- ACTIVITY -
Begin at the line containing "Stoptech 227.62045R Disc" and copy each line exactly through the end of the records, leaving out what comes before.

- Records contained in a dataset -
******
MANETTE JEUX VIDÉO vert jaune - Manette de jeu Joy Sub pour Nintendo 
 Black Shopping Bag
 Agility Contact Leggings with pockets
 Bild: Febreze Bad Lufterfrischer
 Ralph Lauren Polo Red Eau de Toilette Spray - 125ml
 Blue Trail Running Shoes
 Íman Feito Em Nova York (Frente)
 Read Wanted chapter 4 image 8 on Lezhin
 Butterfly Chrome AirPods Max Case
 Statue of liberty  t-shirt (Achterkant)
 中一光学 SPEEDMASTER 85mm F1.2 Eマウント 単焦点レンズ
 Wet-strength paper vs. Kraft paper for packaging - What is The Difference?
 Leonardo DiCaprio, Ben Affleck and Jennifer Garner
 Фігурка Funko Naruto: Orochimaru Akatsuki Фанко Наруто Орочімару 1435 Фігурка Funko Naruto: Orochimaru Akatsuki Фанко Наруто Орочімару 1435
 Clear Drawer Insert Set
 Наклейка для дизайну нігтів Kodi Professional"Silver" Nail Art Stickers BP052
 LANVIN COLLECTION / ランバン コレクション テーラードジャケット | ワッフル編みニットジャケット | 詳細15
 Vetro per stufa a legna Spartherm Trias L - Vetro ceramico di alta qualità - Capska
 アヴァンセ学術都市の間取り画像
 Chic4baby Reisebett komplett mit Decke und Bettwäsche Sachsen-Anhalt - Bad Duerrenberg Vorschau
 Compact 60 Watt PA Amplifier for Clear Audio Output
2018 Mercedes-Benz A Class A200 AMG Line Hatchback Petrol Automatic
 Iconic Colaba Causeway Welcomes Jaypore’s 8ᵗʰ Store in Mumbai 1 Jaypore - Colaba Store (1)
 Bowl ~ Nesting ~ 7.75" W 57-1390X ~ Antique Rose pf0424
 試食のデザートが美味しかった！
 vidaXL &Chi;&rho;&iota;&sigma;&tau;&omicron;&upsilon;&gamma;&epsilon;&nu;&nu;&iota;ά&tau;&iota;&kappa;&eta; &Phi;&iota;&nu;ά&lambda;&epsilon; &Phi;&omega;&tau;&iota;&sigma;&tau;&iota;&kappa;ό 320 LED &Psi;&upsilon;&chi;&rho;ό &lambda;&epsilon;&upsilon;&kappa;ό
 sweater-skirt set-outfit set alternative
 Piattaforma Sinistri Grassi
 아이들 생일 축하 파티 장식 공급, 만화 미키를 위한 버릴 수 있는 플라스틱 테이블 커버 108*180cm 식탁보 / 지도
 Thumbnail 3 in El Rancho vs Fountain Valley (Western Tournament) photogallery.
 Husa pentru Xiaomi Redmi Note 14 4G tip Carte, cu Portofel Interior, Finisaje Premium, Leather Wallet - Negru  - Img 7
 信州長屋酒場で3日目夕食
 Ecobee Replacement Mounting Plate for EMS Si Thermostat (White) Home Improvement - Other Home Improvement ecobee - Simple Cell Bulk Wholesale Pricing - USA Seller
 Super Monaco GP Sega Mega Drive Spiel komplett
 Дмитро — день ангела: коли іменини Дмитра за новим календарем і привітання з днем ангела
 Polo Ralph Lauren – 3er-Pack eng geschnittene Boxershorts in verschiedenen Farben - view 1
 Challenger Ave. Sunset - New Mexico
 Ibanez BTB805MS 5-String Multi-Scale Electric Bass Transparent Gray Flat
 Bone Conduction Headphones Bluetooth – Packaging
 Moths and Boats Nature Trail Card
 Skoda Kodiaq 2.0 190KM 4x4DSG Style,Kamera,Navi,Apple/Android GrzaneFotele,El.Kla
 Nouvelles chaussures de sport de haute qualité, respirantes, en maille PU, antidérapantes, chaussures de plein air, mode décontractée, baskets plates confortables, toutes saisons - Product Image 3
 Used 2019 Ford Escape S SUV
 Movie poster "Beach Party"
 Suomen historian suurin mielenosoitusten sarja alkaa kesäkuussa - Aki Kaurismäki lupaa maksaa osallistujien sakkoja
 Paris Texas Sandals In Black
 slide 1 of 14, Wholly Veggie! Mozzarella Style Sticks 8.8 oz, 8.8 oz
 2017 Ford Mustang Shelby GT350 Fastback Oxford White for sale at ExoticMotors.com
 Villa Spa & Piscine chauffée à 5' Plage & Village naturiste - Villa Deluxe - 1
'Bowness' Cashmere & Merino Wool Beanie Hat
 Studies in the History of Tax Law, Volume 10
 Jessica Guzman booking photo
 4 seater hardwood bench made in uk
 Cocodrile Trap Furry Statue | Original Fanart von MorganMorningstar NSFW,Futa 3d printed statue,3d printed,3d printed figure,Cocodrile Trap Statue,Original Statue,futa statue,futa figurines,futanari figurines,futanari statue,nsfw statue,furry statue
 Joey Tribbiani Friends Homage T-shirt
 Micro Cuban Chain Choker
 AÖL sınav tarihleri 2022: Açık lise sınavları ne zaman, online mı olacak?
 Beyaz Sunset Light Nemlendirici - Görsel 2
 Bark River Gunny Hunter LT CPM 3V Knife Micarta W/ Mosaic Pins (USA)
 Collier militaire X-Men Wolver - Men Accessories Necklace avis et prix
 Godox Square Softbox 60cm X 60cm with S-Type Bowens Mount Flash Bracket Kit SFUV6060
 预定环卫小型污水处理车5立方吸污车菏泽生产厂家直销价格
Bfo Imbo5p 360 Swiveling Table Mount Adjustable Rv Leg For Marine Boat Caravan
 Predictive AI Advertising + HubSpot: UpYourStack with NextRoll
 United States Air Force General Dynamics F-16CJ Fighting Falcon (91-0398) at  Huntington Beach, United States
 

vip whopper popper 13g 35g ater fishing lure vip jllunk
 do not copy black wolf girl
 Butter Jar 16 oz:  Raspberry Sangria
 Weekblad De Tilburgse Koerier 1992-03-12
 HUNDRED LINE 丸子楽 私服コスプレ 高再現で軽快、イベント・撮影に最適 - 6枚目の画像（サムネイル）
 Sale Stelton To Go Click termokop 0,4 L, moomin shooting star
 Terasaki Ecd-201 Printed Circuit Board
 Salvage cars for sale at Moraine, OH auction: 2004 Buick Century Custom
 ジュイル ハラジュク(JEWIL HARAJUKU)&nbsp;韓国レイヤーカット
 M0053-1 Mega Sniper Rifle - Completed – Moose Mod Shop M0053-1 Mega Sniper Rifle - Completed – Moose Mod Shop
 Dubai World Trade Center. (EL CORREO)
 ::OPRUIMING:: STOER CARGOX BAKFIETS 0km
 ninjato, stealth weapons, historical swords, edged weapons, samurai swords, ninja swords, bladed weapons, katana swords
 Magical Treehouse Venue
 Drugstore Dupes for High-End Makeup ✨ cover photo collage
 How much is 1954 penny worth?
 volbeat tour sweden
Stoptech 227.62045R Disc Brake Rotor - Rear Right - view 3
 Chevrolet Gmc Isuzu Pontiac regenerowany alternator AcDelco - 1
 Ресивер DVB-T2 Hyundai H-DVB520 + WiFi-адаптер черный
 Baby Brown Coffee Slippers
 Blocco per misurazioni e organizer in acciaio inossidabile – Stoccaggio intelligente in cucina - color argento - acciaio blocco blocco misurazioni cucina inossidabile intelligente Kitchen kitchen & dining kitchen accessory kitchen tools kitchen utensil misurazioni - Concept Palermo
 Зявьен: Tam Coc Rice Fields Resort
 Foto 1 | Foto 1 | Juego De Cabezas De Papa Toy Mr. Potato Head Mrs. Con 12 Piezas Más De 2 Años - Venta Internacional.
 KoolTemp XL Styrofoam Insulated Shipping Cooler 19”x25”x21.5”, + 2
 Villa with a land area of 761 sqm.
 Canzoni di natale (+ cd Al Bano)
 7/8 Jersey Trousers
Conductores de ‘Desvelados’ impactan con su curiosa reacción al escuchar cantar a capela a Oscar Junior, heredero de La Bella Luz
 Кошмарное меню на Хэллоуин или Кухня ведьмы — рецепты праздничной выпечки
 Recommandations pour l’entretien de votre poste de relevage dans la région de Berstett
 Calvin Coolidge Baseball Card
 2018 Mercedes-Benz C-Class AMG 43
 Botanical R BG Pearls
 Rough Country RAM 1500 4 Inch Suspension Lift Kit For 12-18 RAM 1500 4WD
******
- EXERCISE RESULT -
Stoptech 227.62045R Disc Brake Rotor - Rear Right - view 3
 Chevrolet Gmc Isuzu Pontiac regenerowany alternator AcDelco - 1
 Ресивер DVB-T2 Hyundai H-DVB520 + WiFi-адаптер черный
 Baby Brown Coffee Slippers
 Blocco per misurazioni e organizer in acciaio inossidabile – Stoccaggio intelligente in cucina - color argento - acciaio blocco blocco misurazioni cucina inossidabile intelligente Kitchen kitchen & dining kitchen accessory kitchen tools kitchen utensil misurazioni - Concept Palermo
 Зявьен: Tam Coc Rice Fields Resort
 Foto 1 | Foto 1 | Juego De Cabezas De Papa Toy Mr. Potato Head Mrs. Con 12 Piezas Más De 2 Años - Venta Internacional.
 KoolTemp XL Styrofoam Insulated Shipping Cooler 19”x25”x21.5”, + 2
 Villa with a land area of 761 sqm.
 Canzoni di natale (+ cd Al Bano)
 7/8 Jersey Trousers
Conductores de ‘Desvelados’ impactan con su curiosa reacción al escuchar cantar a capela a Oscar Junior, heredero de La Bella Luz
 Кошмарное меню на Хэллоуин или Кухня ведьмы — рецепты праздничной выпечки
 Recommandations pour l’entretien de votre poste de relevage dans la région de Berstett
 Calvin Coolidge Baseball Card
 2018 Mercedes-Benz C-Class AMG 43
 Botanical R BG Pearls
 Rough Country RAM 1500 4 Inch Suspension Lift Kit For 12-18 RAM 1500 4WD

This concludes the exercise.